SPL: The Professional Choice for Processing Multi-Layered JSON Data
Business data often exhibits hierarchical relationships. For example, an order contains date, customer, and order details, with order details further containing price, quantity and product, and product encompassing name and category.
JSON’s nestable structure is well-suited for describing such relationships. For example, here’s the order data:
[ { "order_id": 10248,"order_date": "2022-07-04","freight_rate": 2,"weight": 5,
"order_details": [
{ "price": 14.0,"quantity": 12.0,
"product": {"product_id": 17,"name": "beef","category":"Food"},
},
{ "price": 9.0,"quantity": 10.0
"product": {"product_id": 42,"name": "rice","category":"Food"}
}
],
"customer": {
"customer_id": 87,"name": "abc inc",
"city": "New York","phone_number": "26471510"
}
},
{ "order_id": 10249,"order_date": "2012-07-05","freight_rate": 10,"weight": 3,
"order_details": [
{ "price": 18.0,"quantity": 9.0
"product": {"product_id": 14,"name": "Computer","category": "Electronic"},
}
],
"customer": {
"customer_id": 991,"name": "bcd.com",
"city": "Los Angeles","phone_number": "(0251) 1031259"
}
}
...]
An order has both regular attributes “order ID, date, freight rate, weight” and nested attributes “order details, customer”. Order details, in turn, contain the nested attribute “product.”
For this nestable structure, the common data organization method is a multi-layer nested table, where fields can be tables or records.

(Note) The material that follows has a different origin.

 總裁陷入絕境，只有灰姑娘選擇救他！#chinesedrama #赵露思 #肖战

When calculating, tables or records at any layer are treated as objects, enabling consistent operations.
However, SQL inherently supports only flat tables and cannot implement this nested structure. Some new analytical databases partially support nested structures, including JSON data processing.
For example, to retrieve order_id, order_date, and the name and city of the nested attribute customer from the order data, the DuckDB code would be:
select order_id, order_date, customer.name, customer.city
from read_json_auto('orders.json')
It treats the single-row nested field customer as a record, extracting its fields using record-style access. However, this method only works for single-row nested fields and doesn’t support multi-row order_details—attempting this would simply return null.

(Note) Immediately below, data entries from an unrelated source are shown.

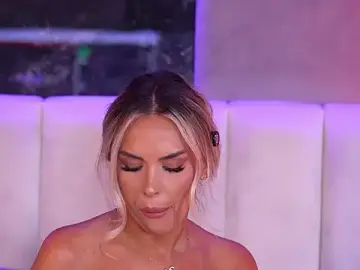 Stripchat Live Sex Cam of SelenaFrost
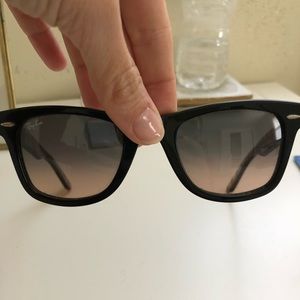Ray ban black aviator glasses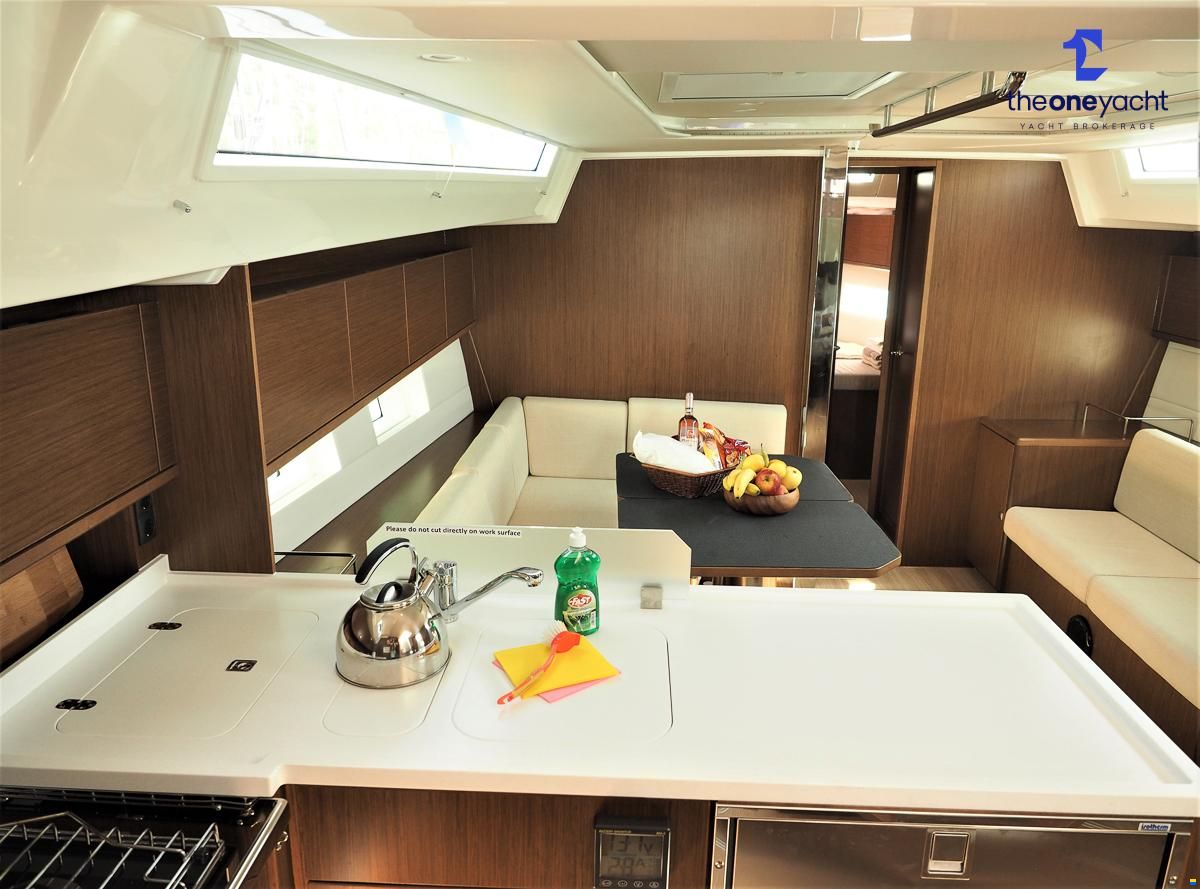 Bavaria C45 Style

For multi-row nested fields, DuckDB can perform calculations after expanding them. For example, to calculate the order amount by aggregating quantity*price from order_details based on the previous query, the code would be:
select order_id,any_value(order_date),
any_value(customer.name),any_value(customer.city),
sum(od.quantity * od.price) as amount
from read_json_auto('orders.json') as o,
lateral unnest(o.order_details) as t(od)
group by order_id;
First, expand order_details, then implicitly join with orders to form a large flat table, and finally group by order ID and aggregate, resulting in a convoluted code. This approach is less efficient than converting to a physical flat table, as that would eliminate the ‘expanding’ step during calculations.
DuckDB can also retain nested structure and use lambda syntax to calculate:
select order_id, order_date,customer.name, customer.city,
list_sum( list_transform(o.order_details,x -> x.price * x.quantity) ) as amount
from read_json_auto('orders.json') as o
It needs to use two special functions and write explicit lambda syntax, which is a bit cumbersome.
In contrast, performing similar calculations on ordinary data tables is simpler. For example, the code to aggregate the product of freight_rate*weight is:
select sum(freight_rate*weight) from read_json_auto('orders.json')
The syntax is completely inconsistent.
In fact, DuckDB treats multi-row nested fields as arrays rather than data tables. This causes inconsistency in operations and makes the code difficult to write and read.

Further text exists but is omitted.